Lighthouse Wine Shop: A Beacon to Great Vino in Southwest Michigan

       Cade Carmichael doesn’t want us to drink what he calls “supermarket wines” but he also isn’t advocating we take out a loan for an expensive bottle of wine. That’s why when he opened Lighthouse Wine Shop last year in St. Joseph, Michigan he decided to feature value wines.

         “I didn’t want to start off with big wine names,” he says. “Good wine doesn’t have to be expensive.  Value wines are those that taste like they should cost more than they do.”

         It’s all about knowing where to look and for those of us who don’t want to begin the laborious process of understanding the intricacies of every wine region and producer, Carmichael is willing to do the hard work for us. His fascination with wines came not from living in Southwest Michigan where we have a wonderful abundance of wineries but when he moved with his wife to Frankfurt, Germany where they lived for five years before returning to this area. From Frankfurt, it was easy to explore the wine regions of such countries as France and Italy as well as Germany.

         In the wine appellation of Côte de Nuit Villages in Burgundy, a historic region of France that produces some of the most expensive wines in the world. Appellation or appellation d’origine contrôlée or AOC which stands for “controlled designation of origin” is certification granted by the government that refers to the area’s agriculture products—a list that includes not only wines, but other categories such as cheeses and butters.

         But the thing is, Carmichael tells me, is there are some value wines from the Côte de Nuit Villages that are very affordable if you know where to look. He shows me bottles from Domaine Faively, a winery founded in 1825 in the Nuits-St. Georges.

         “Right next to Nuits-St. Georges is a small village called Vosne-Romanee,” says Carmichael. Another historic village like Nuits-St. Georges, Vosne-Romanee is known as having some of the most expensive burgundies in the world.

         “Vosne-Romanee literally shares a border with Nuits- St. Georges, so they have the same soil and growing conditions- the vineyards facing east get the morning sun and shade in the evening,” says Carmichael. “But there’s a huge difference.”
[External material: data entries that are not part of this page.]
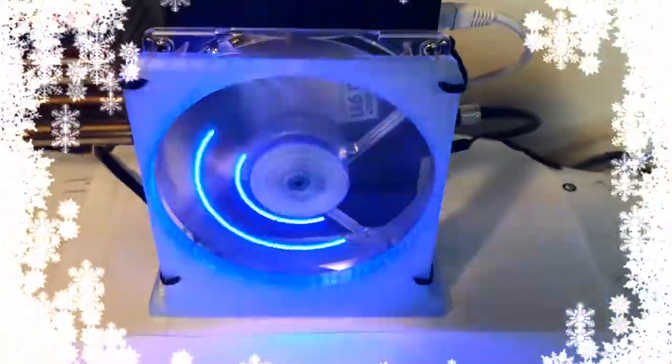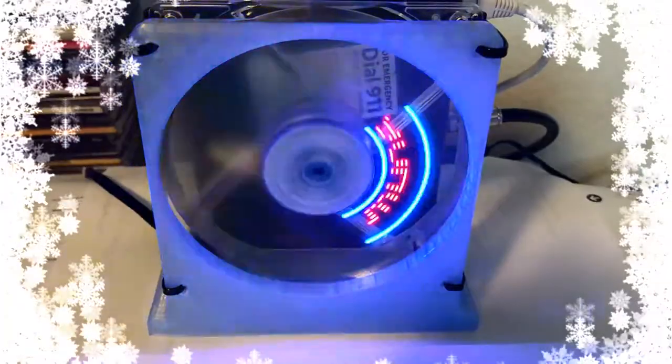The LEDs on the fan have a gap just due to the video frame rate lag. In real time it's seamless, the text is easy to read, and the blue LED circles are seamless.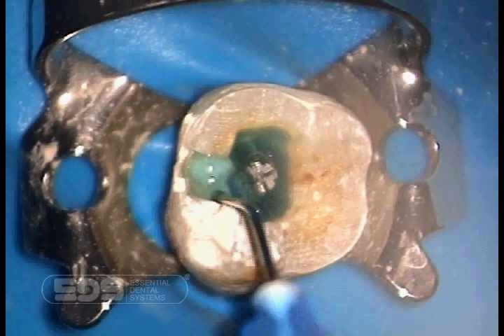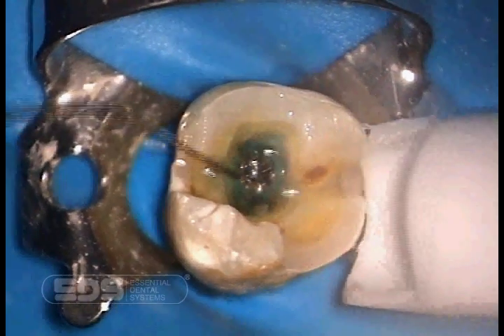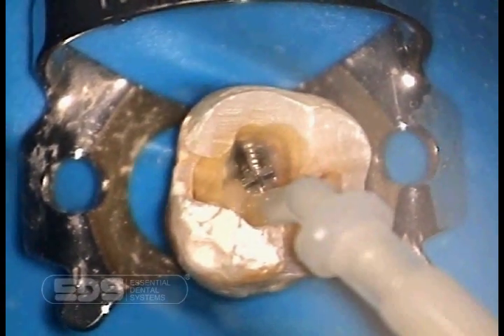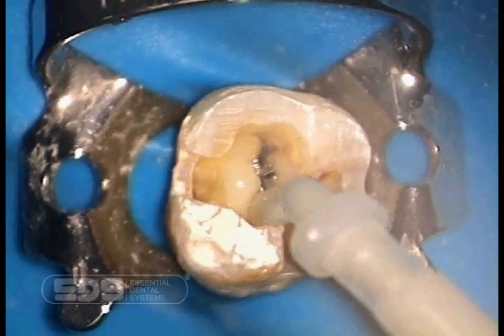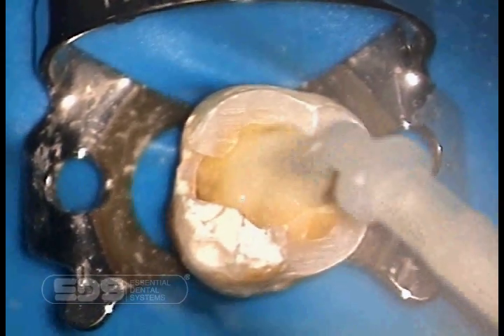In preparation for the core, we are etching all the internal dentinal surfaces. We now wash off the etching agent. We place Tycor Auto-E, which is a self-mixing, dual cured, reinforced composite as the core material. Tycor has a proven 10-year fluoride release. This will be bonded to the etched surface which has just been created.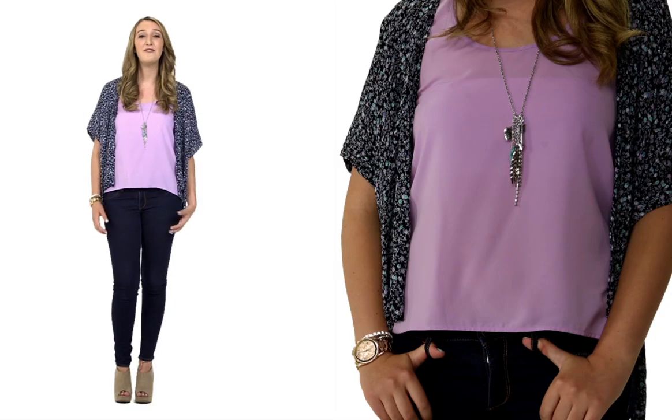My jewelry helps finish off the outfit. This eclectic charm necklace adds a lot of fun and flair. I'm wearing this rose gold watch, and I paired it with a couple of stacked bracelets.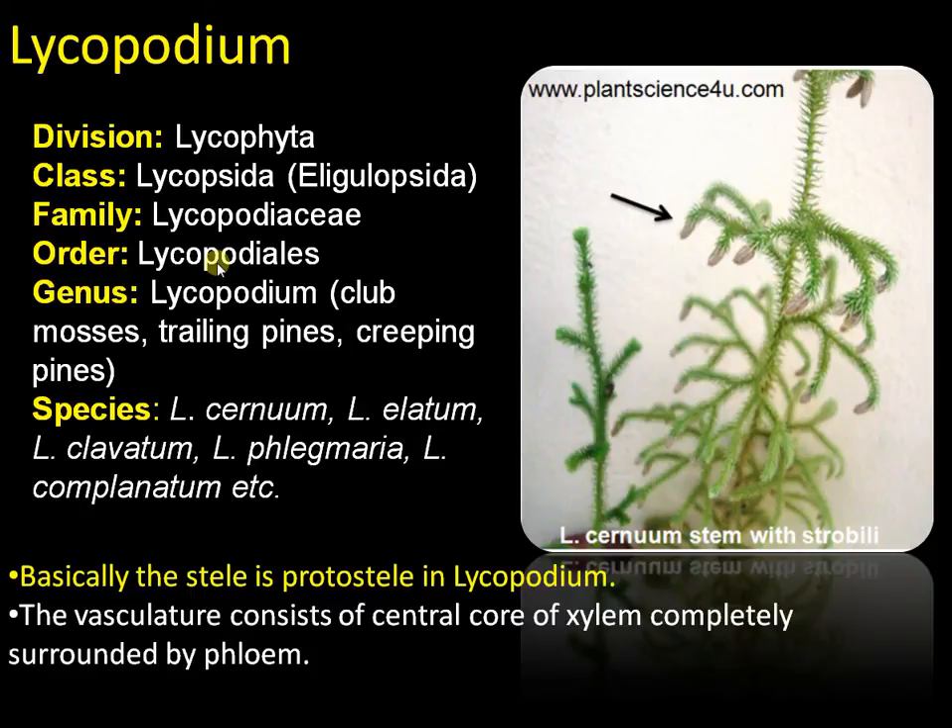Basically, the stele is a protostele in Lycopodium, but differs in the arrangement of xylem and phloem. In a protostele, there is a central xylem core that is surrounded by phloem. It is the most primitive and simplest of steles.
That means instead of spending a small fortune for a bottle from Vosne-Romanee, you can enjoy the wines of the Côte de Nuit Villages by choosing those produced by wineries in Nuits-St. Georges.

         In an interesting aside, Carmichael tells me that China is now producing Bordeaux style wines, using five Noble varietals— Cabernet Sauvignon, Merlot, Cabernet Franc, Malbec, and Petit Verdot—which comprise the best for making that type of wine. How is it working out?  Well, the 2013 vintage from Ao Yun—the name means flying above the clouds as the winery is 8,500 feet above sea level, in the foothills of the Himalayas that has similar growing conditions to the Bordeaux region of France—was awarded  a score of 93 by Wine Advocate and sells for around $300. But that’s an aside.

         When sourcing his wines Carmichael looks, of course, for value but also the unique such as those made from indigenous or natural yeast rather than cultivated yeast. Sometimes, through diligent searching he’s able to score big.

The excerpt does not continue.